Description Abel Braaksma 2015-09-28 13:35:13 UTC

This follows from the discussion in bug 29120, comment 4, where Michael wrote:

> <xsl:for-each select="copy-of(/*/transaction)">
>   <xsl:value-of select="last()"/>
> </xsl:for-each>

> Here last() is allowed because the context posture is grounded. But we have 
> the same problem, that in effect we have to materialize the entire result of 
> copy-of(), rather than pipelining it one item at a time. 
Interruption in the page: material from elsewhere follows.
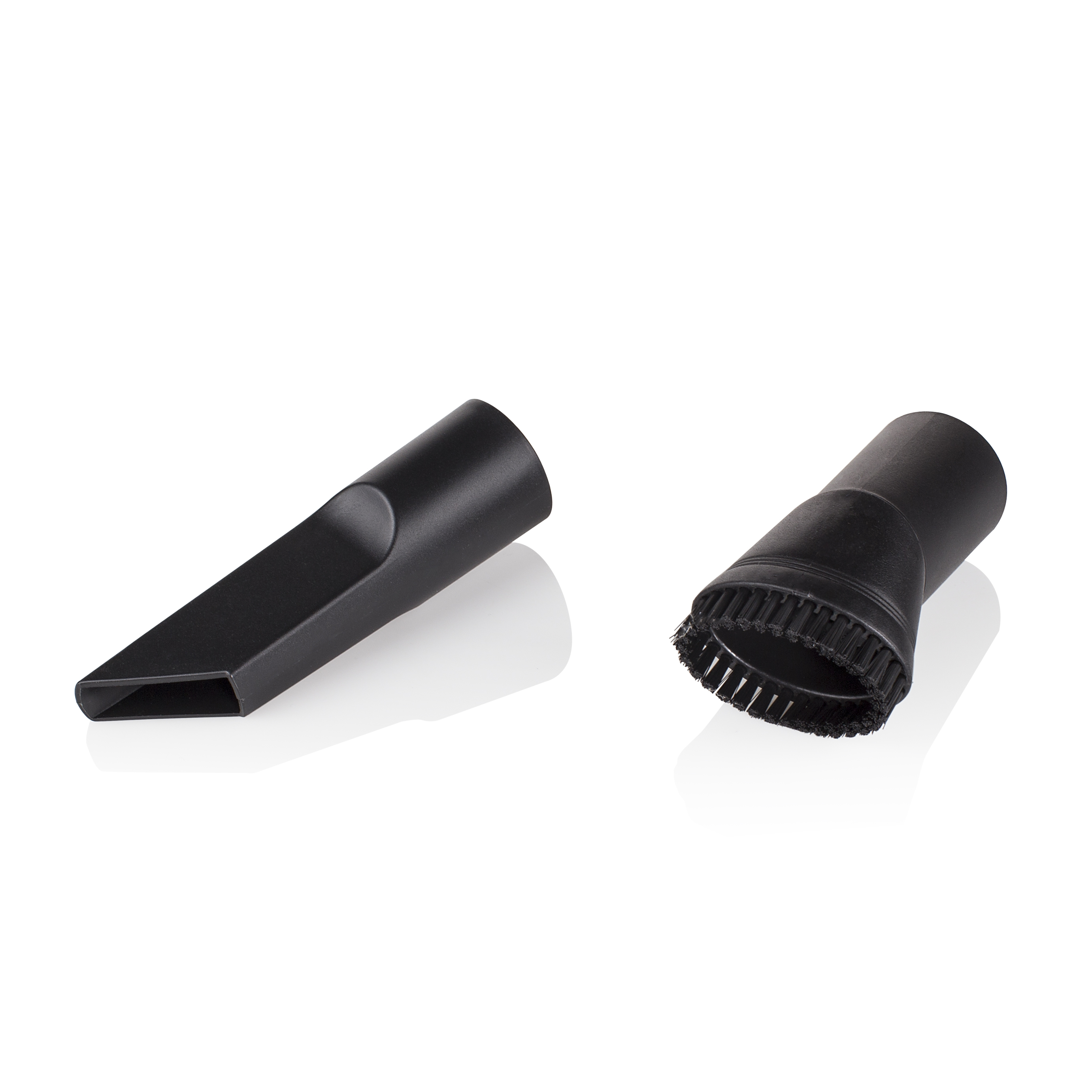 Dwa czarne końcówki do odkurzacza: jedna to dysza, a druga ma włosie.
This does not pose a problem, because the whole argument will be consumed by copy-of(), but what if you rewrite this as the following, where the "consumation" should happen one element at a time?

<xsl:for-each select="/*/transaction/copy-of(.)">
  <xsl:value-of select="last()"/>
</xsl:for-each>

This is the "suggested" way of writing windowed streaming. Since we take a copy each time, the xsl:for-each gets a grounded posture. But the problem is not just with copy-of:

<xsl:for-each select="for $x in */* return string(*)">
  <xsl:value-of select="last()"/>
</xsl:for-each>

Which, imo, also suggests that the user intends to stream it, but the only way to know the value of fn:last() is by evaluating the whole tree.
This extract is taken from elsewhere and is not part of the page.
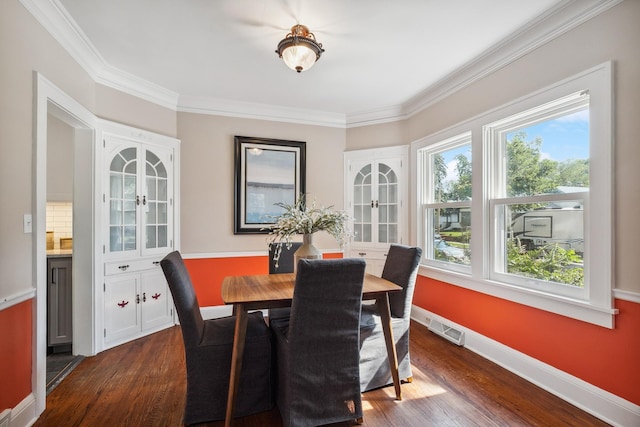 5026 Nokomis Ave, Minneapolis, MN 55417 - dining space featuring dark wood-type flooring, ornamental molding, and baseboards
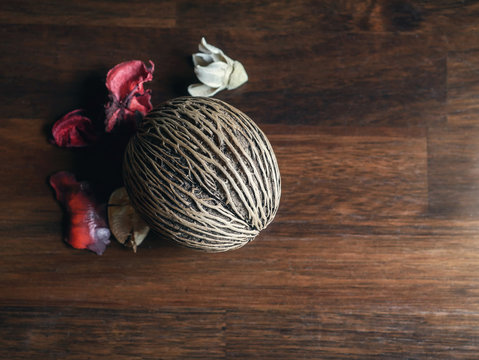 Cerbera oddloam's seed, Pong pong seed or Othalanga on wooden background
I checked the general streamability rules, and while we have exception rules for higher-order operands like xsl:for-each, they have no effect when the select expression selects a grounded result.

I think that the only problem is with fn:last(), therefore I suggest we add a rule in section 19.8.9.14 Streamability of the last function along those lines (probably with a Note explaining why so):

    x) if the fn:last function appears at any depth inside a higher-order 
       operand, then roaming and free-ranging.

This has a few nasty side-effects, so perhaps we can do better. I.e., consider:

a) a/b[last()] (should be prohibited)
b) (1 to 10)[last()] (should be allowed)
c) xsl:for-each/@select="copy-of(x)", the last() in seqtor (should be allowed?)
d) same with xsl:iterate
e) same with xsl:for-each-group
f) (for $e in a/b return copy-of($e))[last()]  (maybe allowed?)
g) a/b/copy-of(x)[last()] (should be prohibited, though can be made streamable)

Perhaps there are other scenarios to consider? In the event that we prohibit too much, someone can always create a copy of a node-set as a workaround and use count($x).

Comment 1 Michael Kay 2015-09-28 13:53:57 UTC

Perhaps the rule should be that last() is disallowed if its focus-setting container is consuming (i.e., even if the posture is grounded).

And perhaps the above rule should have an exception that a value comparison or general comparison is allowed if one operand is position() and the other is last(), e.g. 

if (position() = last()) ...

because with some limited lookahead that can be streamed easily enough.

Comment 2 Abel Braaksma 2015-09-28 15:39:56 UTC

> if (position() = last()) ...
>
> because with some limited lookahead that can be streamed easily enough.

In general, I agree, but I find it a tricky rule to get right. What with if(position() + 10 = last()) or if(@x = last())? 

If the suggestion is to *only* allow the exact expression "position() = last()", then still, that can be written in a variety of similar ways.

If we want to allow that, we should perhaps better consider to:

a) introduce something like fn:is-last, in line with fn:has-children
b) allow xsl:on-completion inside xsl:for-each (in tail position)

I would opt for (a), as it will be simpler to ban fn:last completely (you can then use "if(is-last()) then position() else ()" as alternative), or at least inside any higher-order context.

For a moment I thought this would also allow the now forbidden a/b[last()] as a/b[is-last()], but that won't work when combining "a/b[is-last()] | a/c[is-last()]". So the rule could be "is-last() is motionless and grounded in grounded and climbing postures, and roaming and free-ranging otherwise".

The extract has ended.